# Sharing Experiments

In the [first part](https://capitalone.github.io/rubicon-ml/quick-look/logging-experiments.html)
of the quick look, we learned how to log ``rubicon_ml`` experiments in the context of a
simple classification problem. We also performed a small hyperparameter search to show how ``rubicon_ml``
can be used to compare the results of multiple model fits.

Inspecting our model fit results in the same session that we trained the model is certainly useful, but
sharing experiments can help us collaborate with teammates and compare new model training results to old
experiments.

First, we'll create a ``rubicon_ml`` entry point and get the project we logged in the first part of the
quick look.

In [1]:
from rubicon_ml import Rubicon

rubicon = Rubicon(persistence="filesystem", root_dir="./rubicon-root")
project = rubicon.get_project(name="classifying penguins")
project

<rubicon_ml.client.project.Project at 0x1674333d0>

Let's say we want to share the results of our hyperparmeter search with another teammate so they can evaluate the results.
``rubicon_ml``'s ``publish`` function takes a list of experiments as an input and  uses ``intake`` to generate a catalog
containing the bare-minimum amount of metadata needed to retrieve an experiment, like its ID and filepath. More on ``intake``
can be found [in their docs](https://intake.readthedocs.io/en/latest/).

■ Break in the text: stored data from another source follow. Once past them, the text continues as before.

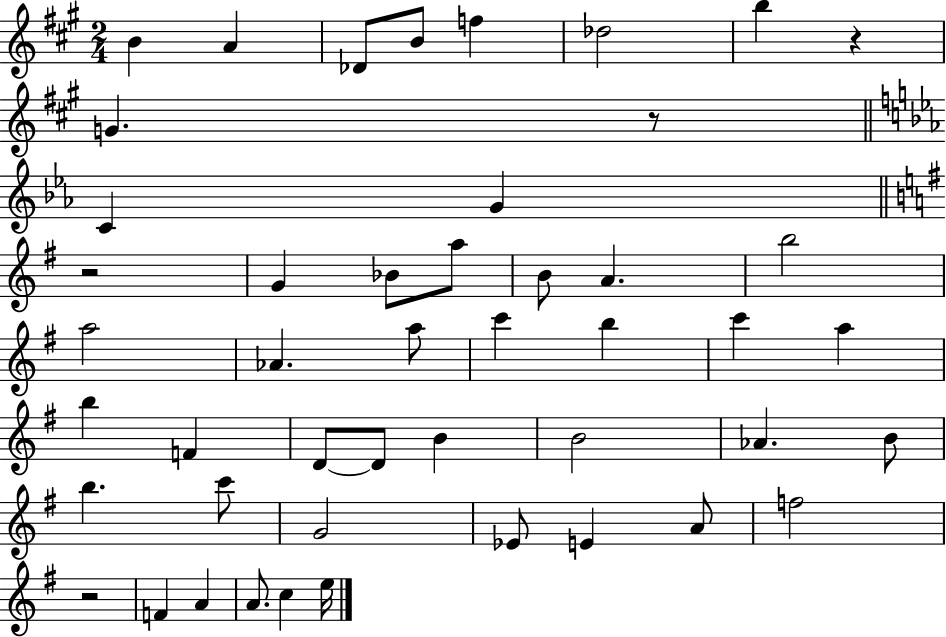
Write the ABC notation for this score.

X:1
T:Untitled
M:2/4
L:1/4
K:A
B A _D/2 B/2 f _d2 b z G z/2 C G z2 G _B/2 a/2 B/2 A b2 a2 _A a/2 c' b c' a b F D/2 D/2 B B2 _A B/2 b c'/2 G2 _E/2 E A/2 f2 z2 F A A/2 c e/4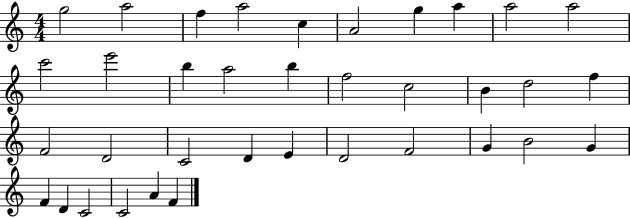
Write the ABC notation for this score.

X:1
T:Untitled
M:4/4
L:1/4
K:C
g2 a2 f a2 c A2 g a a2 a2 c'2 e'2 b a2 b f2 c2 B d2 f F2 D2 C2 D E D2 F2 G B2 G F D C2 C2 A F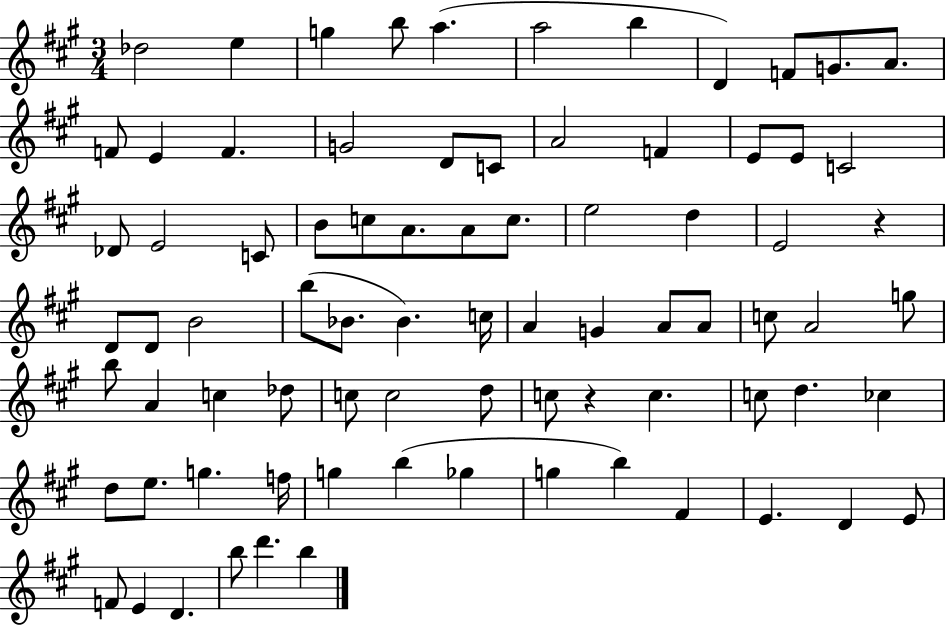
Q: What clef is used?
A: treble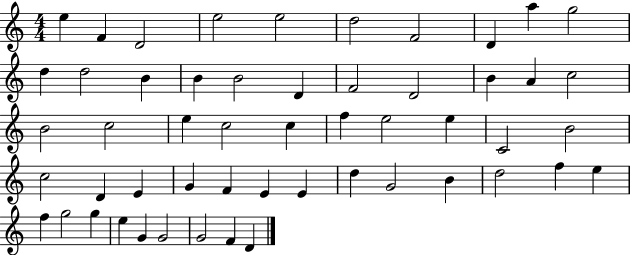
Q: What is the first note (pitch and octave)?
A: E5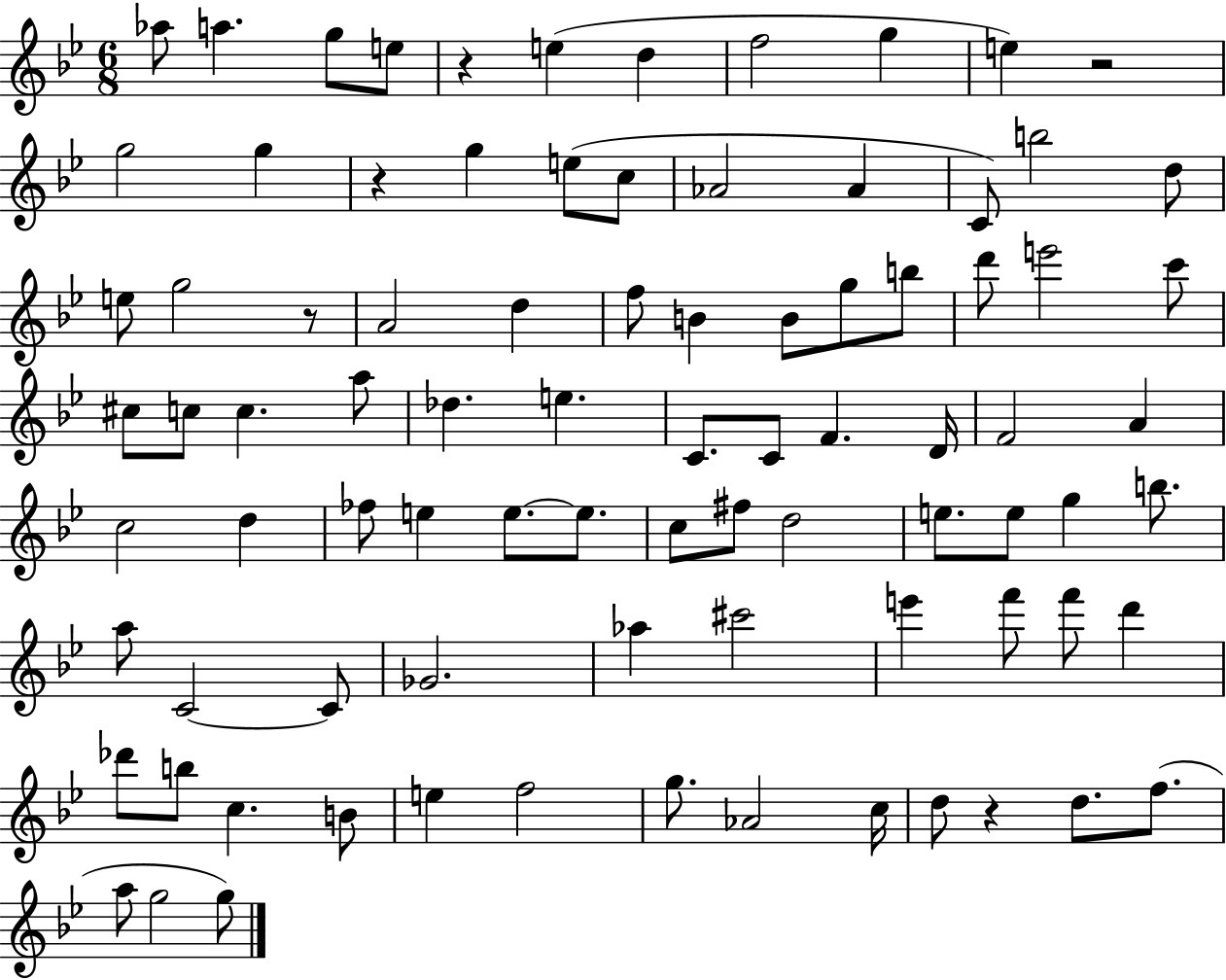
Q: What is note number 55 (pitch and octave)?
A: G5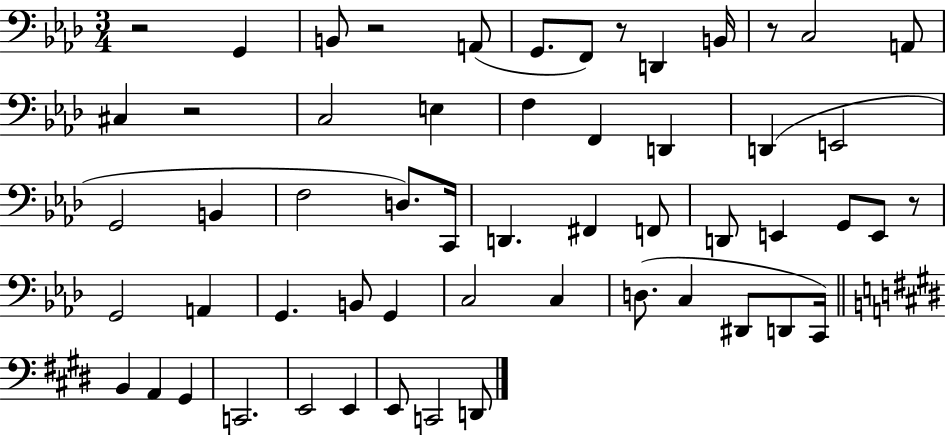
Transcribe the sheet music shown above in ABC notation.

X:1
T:Untitled
M:3/4
L:1/4
K:Ab
z2 G,, B,,/2 z2 A,,/2 G,,/2 F,,/2 z/2 D,, B,,/4 z/2 C,2 A,,/2 ^C, z2 C,2 E, F, F,, D,, D,, E,,2 G,,2 B,, F,2 D,/2 C,,/4 D,, ^F,, F,,/2 D,,/2 E,, G,,/2 E,,/2 z/2 G,,2 A,, G,, B,,/2 G,, C,2 C, D,/2 C, ^D,,/2 D,,/2 C,,/4 B,, A,, ^G,, C,,2 E,,2 E,, E,,/2 C,,2 D,,/2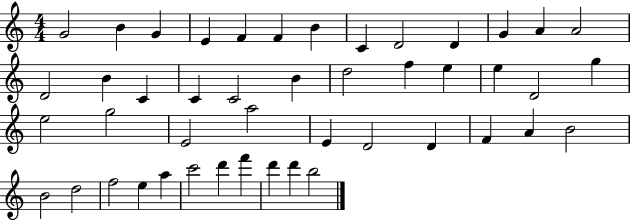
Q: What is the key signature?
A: C major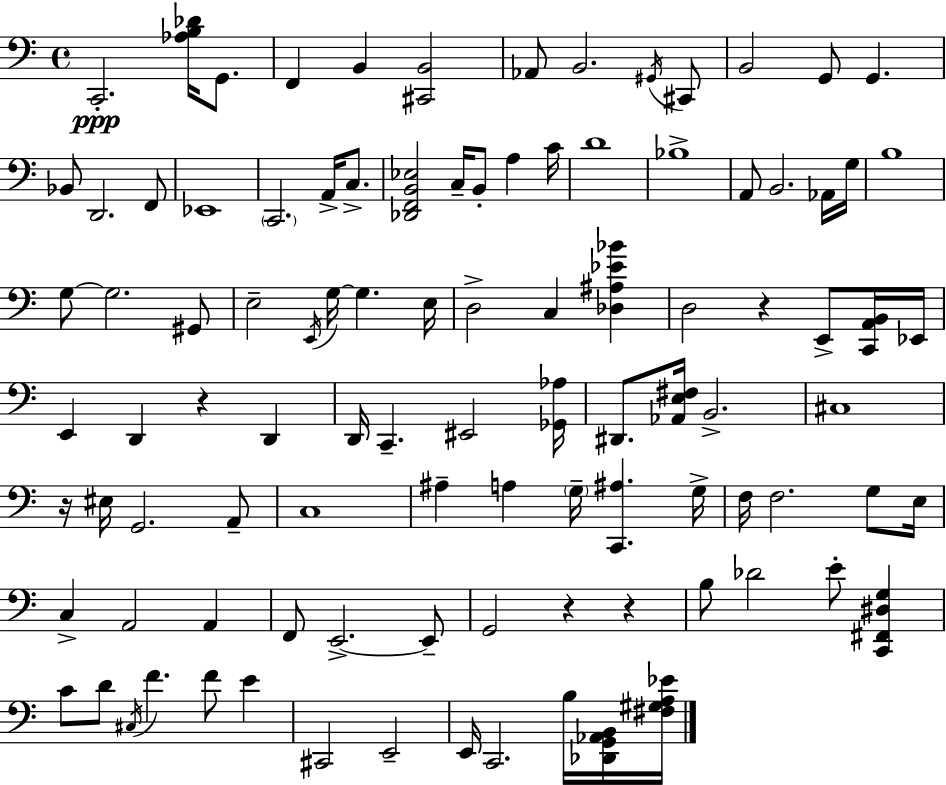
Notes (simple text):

C2/h. [Ab3,B3,Db4]/s G2/e. F2/q B2/q [C#2,B2]/h Ab2/e B2/h. G#2/s C#2/e B2/h G2/e G2/q. Bb2/e D2/h. F2/e Eb2/w C2/h. A2/s C3/e. [Db2,F2,B2,Eb3]/h C3/s B2/e A3/q C4/s D4/w Bb3/w A2/e B2/h. Ab2/s G3/s B3/w G3/e G3/h. G#2/e E3/h E2/s G3/s G3/q. E3/s D3/h C3/q [Db3,A#3,Eb4,Bb4]/q D3/h R/q E2/e [C2,A2,B2]/s Eb2/s E2/q D2/q R/q D2/q D2/s C2/q. EIS2/h [Gb2,Ab3]/s D#2/e. [Ab2,E3,F#3]/s B2/h. C#3/w R/s EIS3/s G2/h. A2/e C3/w A#3/q A3/q G3/s [C2,A#3]/q. G3/s F3/s F3/h. G3/e E3/s C3/q A2/h A2/q F2/e E2/h. E2/e G2/h R/q R/q B3/e Db4/h E4/e [C2,F#2,D#3,G3]/q C4/e D4/e C#3/s F4/q. F4/e E4/q C#2/h E2/h E2/s C2/h. B3/s [Db2,G2,Ab2,B2]/s [F#3,G#3,A3,Eb4]/s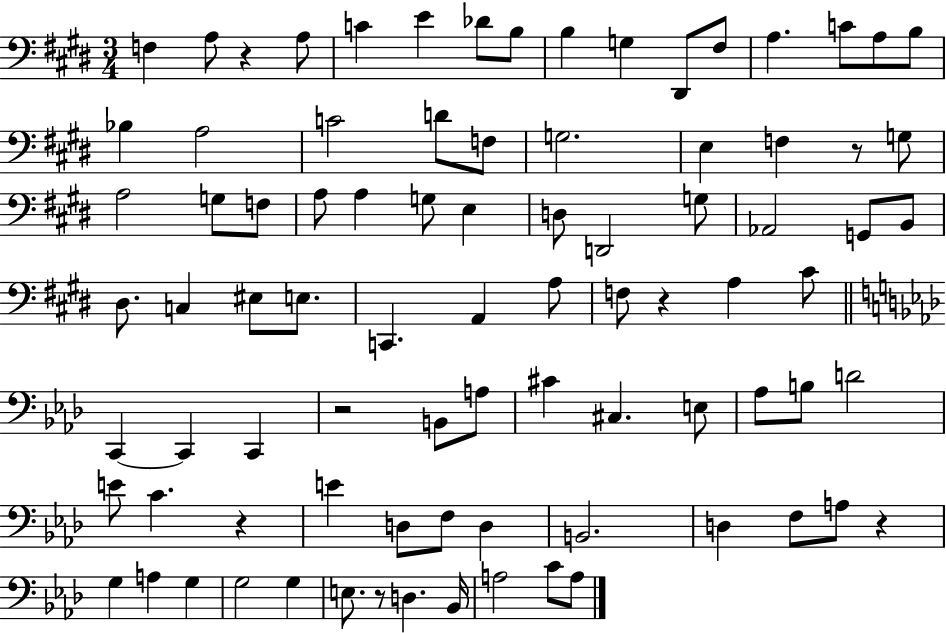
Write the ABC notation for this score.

X:1
T:Untitled
M:3/4
L:1/4
K:E
F, A,/2 z A,/2 C E _D/2 B,/2 B, G, ^D,,/2 ^F,/2 A, C/2 A,/2 B,/2 _B, A,2 C2 D/2 F,/2 G,2 E, F, z/2 G,/2 A,2 G,/2 F,/2 A,/2 A, G,/2 E, D,/2 D,,2 G,/2 _A,,2 G,,/2 B,,/2 ^D,/2 C, ^E,/2 E,/2 C,, A,, A,/2 F,/2 z A, ^C/2 C,, C,, C,, z2 B,,/2 A,/2 ^C ^C, E,/2 _A,/2 B,/2 D2 E/2 C z E D,/2 F,/2 D, B,,2 D, F,/2 A,/2 z G, A, G, G,2 G, E,/2 z/2 D, _B,,/4 A,2 C/2 A,/2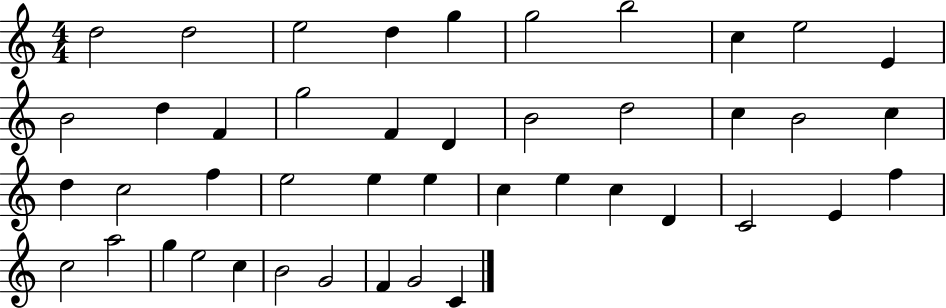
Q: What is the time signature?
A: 4/4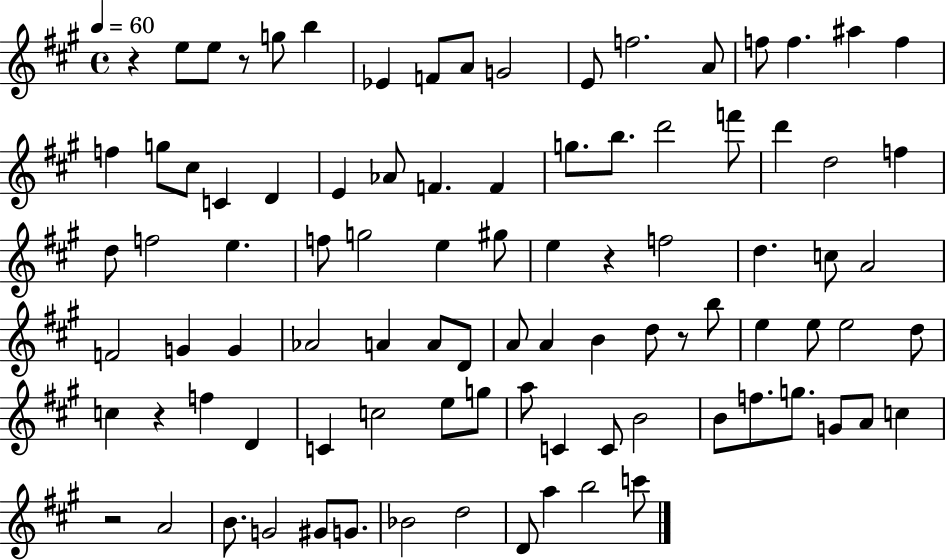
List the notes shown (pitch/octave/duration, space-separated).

R/q E5/e E5/e R/e G5/e B5/q Eb4/q F4/e A4/e G4/h E4/e F5/h. A4/e F5/e F5/q. A#5/q F5/q F5/q G5/e C#5/e C4/q D4/q E4/q Ab4/e F4/q. F4/q G5/e. B5/e. D6/h F6/e D6/q D5/h F5/q D5/e F5/h E5/q. F5/e G5/h E5/q G#5/e E5/q R/q F5/h D5/q. C5/e A4/h F4/h G4/q G4/q Ab4/h A4/q A4/e D4/e A4/e A4/q B4/q D5/e R/e B5/e E5/q E5/e E5/h D5/e C5/q R/q F5/q D4/q C4/q C5/h E5/e G5/e A5/e C4/q C4/e B4/h B4/e F5/e. G5/e. G4/e A4/e C5/q R/h A4/h B4/e. G4/h G#4/e G4/e. Bb4/h D5/h D4/e A5/q B5/h C6/e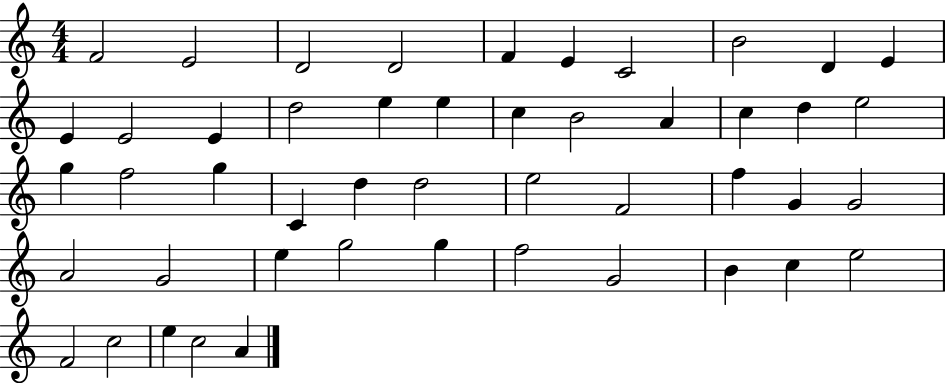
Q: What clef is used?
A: treble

Hyperparameter searches can span thousands of combos, so sharing every single file ``rubicon_ml`` logs during the training
process can be a lot. That's why we use ``intake`` via our ``publish`` function to only share what needs to be shared in a
single YAML file. Then, later, users can use said YAML file to retrieve the experiments shared within it.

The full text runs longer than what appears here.